◆ **WHAT IS EXPECTED**:
Leave out the pictures and restate exactly, and only, the lines from the one that contains "בית פרטי/ קוטג', נווה" through the final line of the material below.

◆ **WORKING DATA**:
--------------------

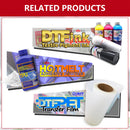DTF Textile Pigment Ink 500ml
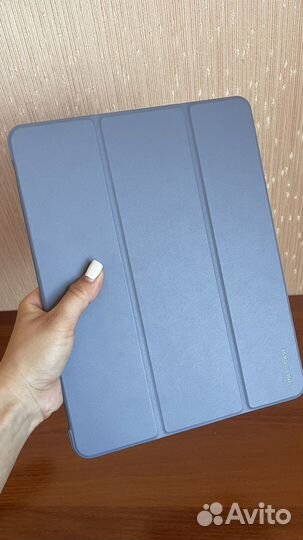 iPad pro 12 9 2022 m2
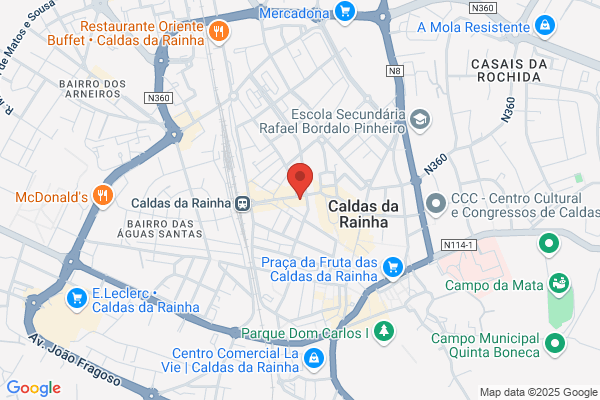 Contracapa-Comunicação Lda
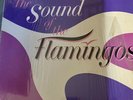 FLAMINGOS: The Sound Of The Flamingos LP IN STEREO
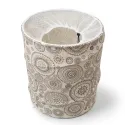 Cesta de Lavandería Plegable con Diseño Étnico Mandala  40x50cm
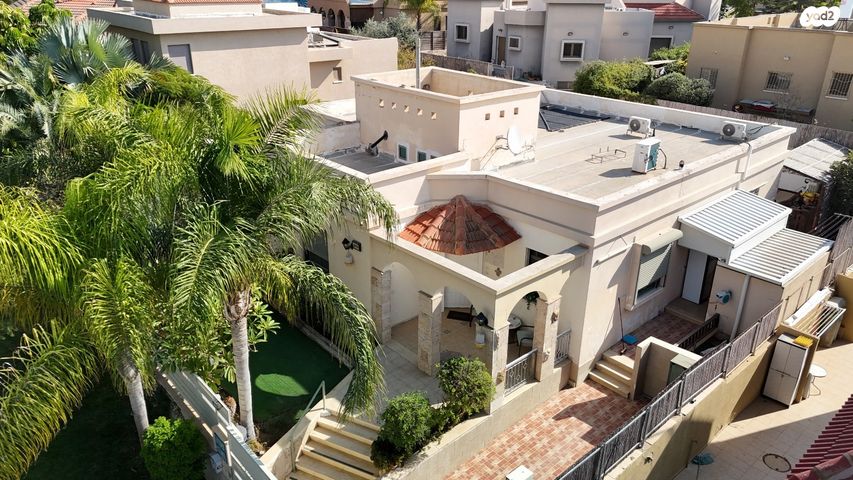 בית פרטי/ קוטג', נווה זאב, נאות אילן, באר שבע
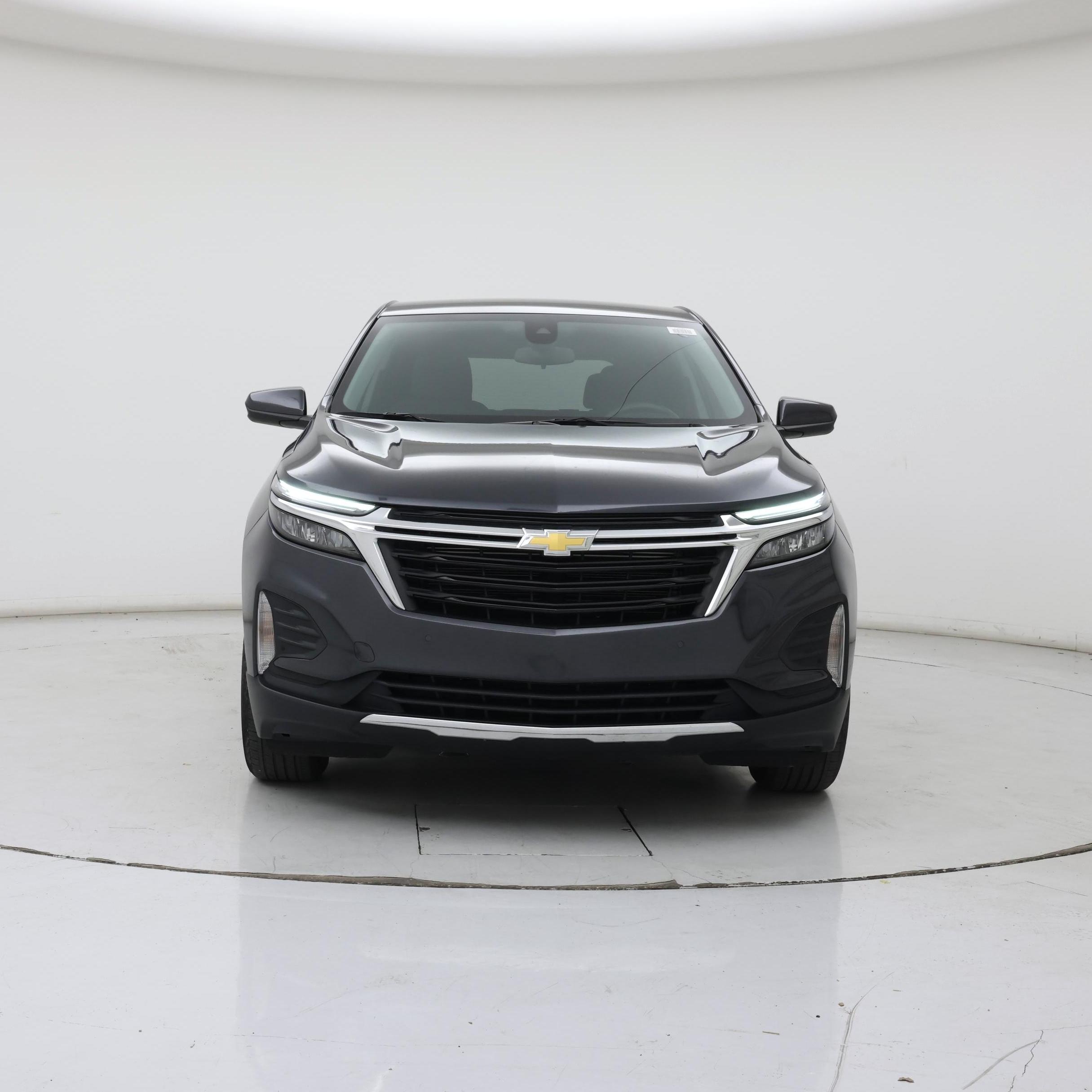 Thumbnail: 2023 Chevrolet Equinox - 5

--------------------

◆ **WRITTEN ANSWER**:
 בית פרטי/ קוטג', נווה זאב, נאות אילן, באר שבע
 Thumbnail: 2023 Chevrolet Equinox - 5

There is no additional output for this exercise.